For rating, we used a numeric scale that ranged from 1 (not pleasing/harmonious/complex) to 6 (very pleasing/harmonious/complex). Participants entered their ratings by pressing keys on a standard keyboard. Every 25 pictures, participants had the possibility to take a break. The stimuli were displayed on a gray screen at a viewing distance of 70 cm that was assured by a chin rest (viewing angle, 11.06°). The pictures had a size of 500 × 500 pixels (on screen 13.5 × 13.5 cm). For each run, a fixation cross was presented first with a duration of 0.5 ms, followed by the stimulus image displayed for 2 s. The exposure time was sufficiently long to reach a stable aesthetic rating (Schwabe, 2018).

After the testing procedure, all participants had to fill out the IPIP-50 Big-Five Factor Test (Goldberg, 1992; Gow et al., 2005). Finally, participants were asked to give a feedback on the experimental procedure. About a third (N = 27) of the participants reported being influenced by their pareidolic impressions.

Statistical Analysis

First, we analyzed the rating data by repeated-measures analyses of variance (ANOVAs) and pairwise comparisons.

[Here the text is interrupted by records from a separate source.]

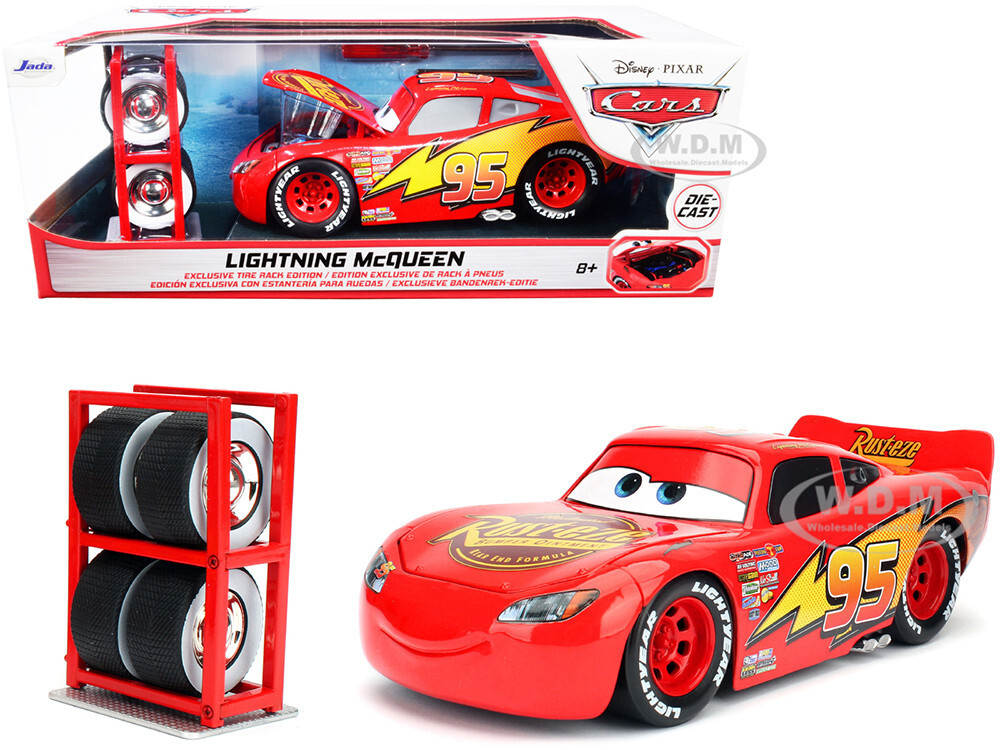 LIGHTNING MCQUEEN #95 W/EXTRA WHEELS 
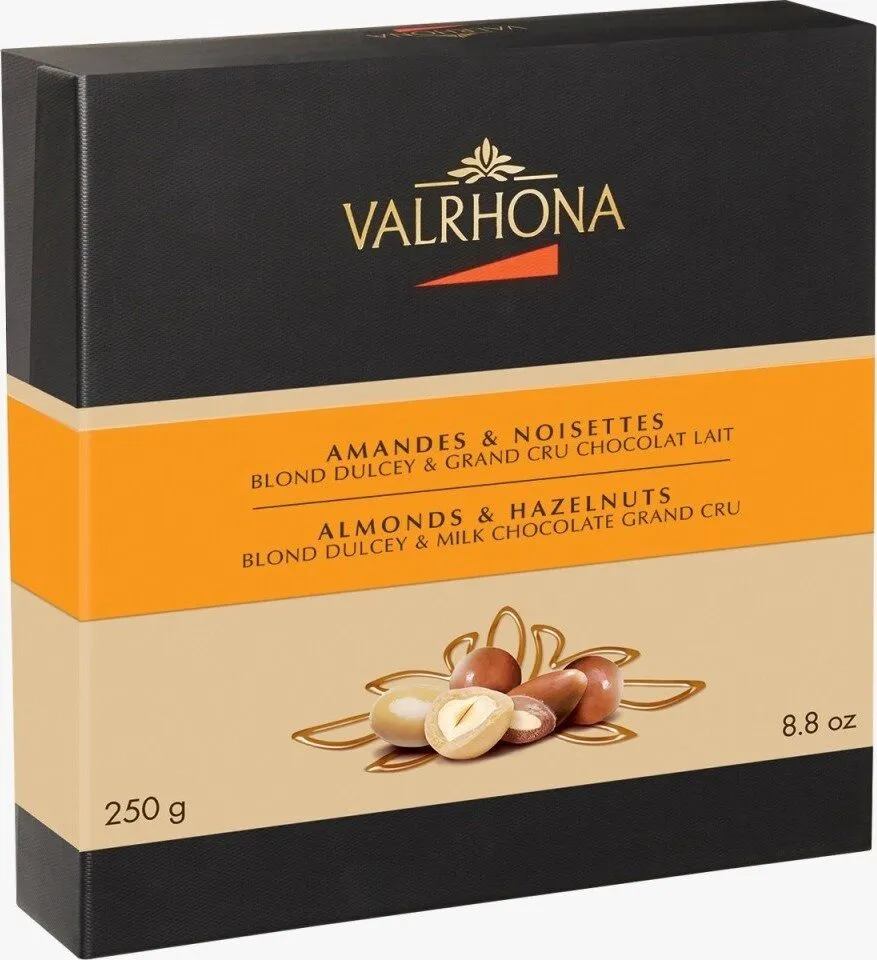 Coffret Amandes Et Noisettes Enrobées De Chocolat Au Lait Ou De Chocolat Blanc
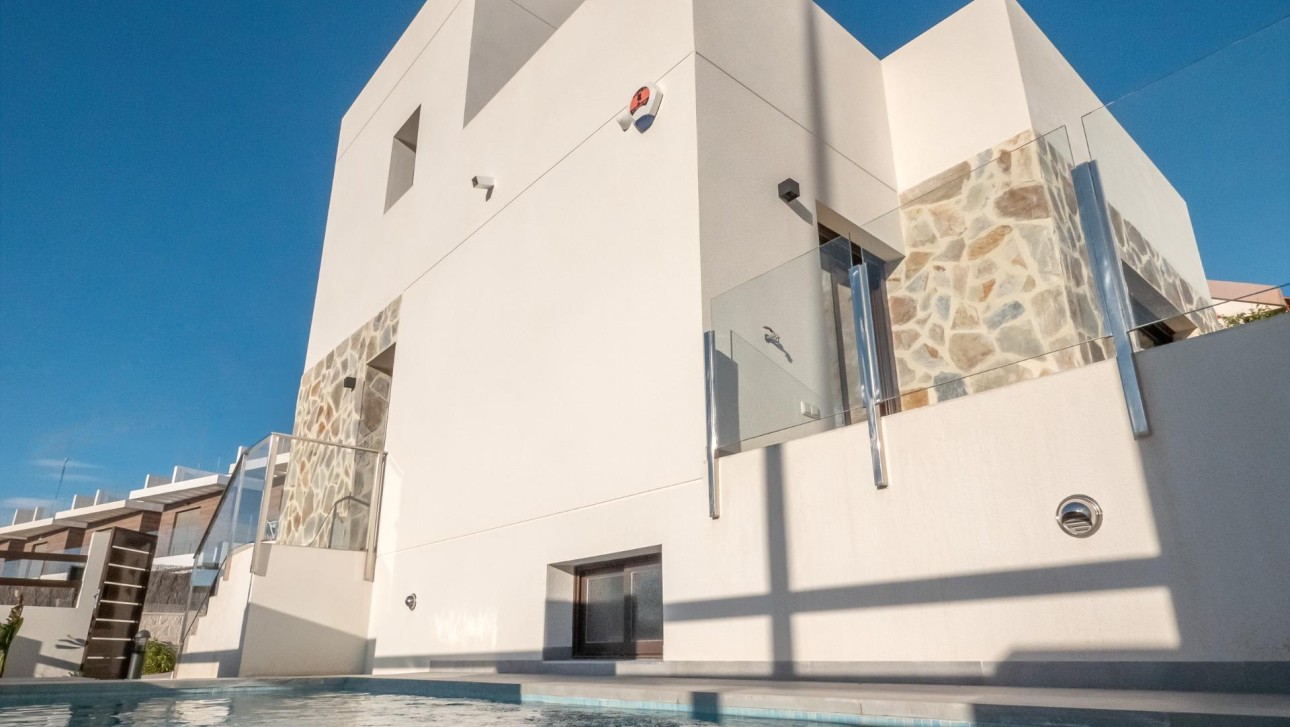 Obra nueva - Villa - Orihuela Costa - PAU 8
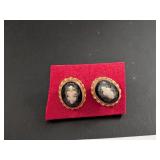 (1) Set of Earrings w/ backs marked 14K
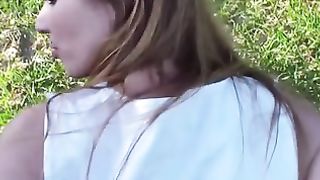 Con l'amica nei campi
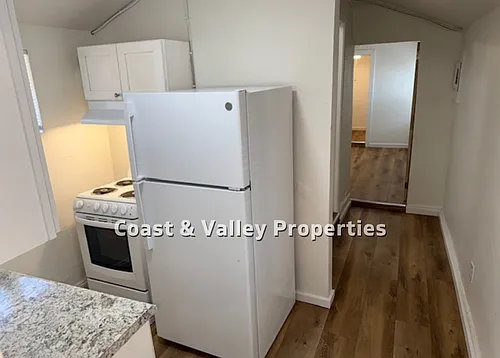 1022 West St Photo 1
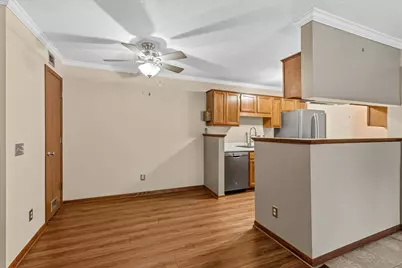 2296 Benson Avenue #G, Saint Paul, MN 55116 - Photo 7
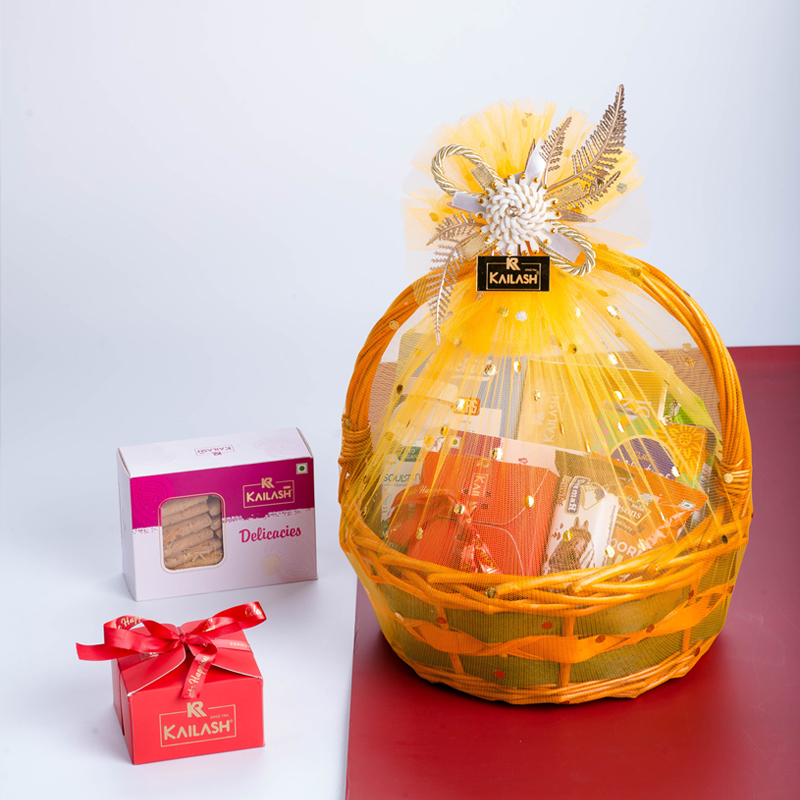 Buy Customised Hamper in Surat, India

We tested sphericity by Mauchly’s tests. Where assumptions of sphericity were violated, we corrected degrees of freedom via the Greenhouse–Geisser procedure. The epsilon (ϵ_GG) is reported where appropriate.

For pairwise comparisons, Cohen’s d_av was calculated using the averaged standard deviation of the compared measurements (Lakens, 2013). In case of unplanned comparisons, corrections for multiple tests were performed following the Bonferroni–Holm approach. A 2 × 2 × 4 ANOVA was calculated with the factors Shape (angular, curved), Entropy (low, high), and Line Number (5, 10, 20, 40). In addition, we assessed whether the ratings increased linearly with increasing Line Number by polynomal contrast modeling.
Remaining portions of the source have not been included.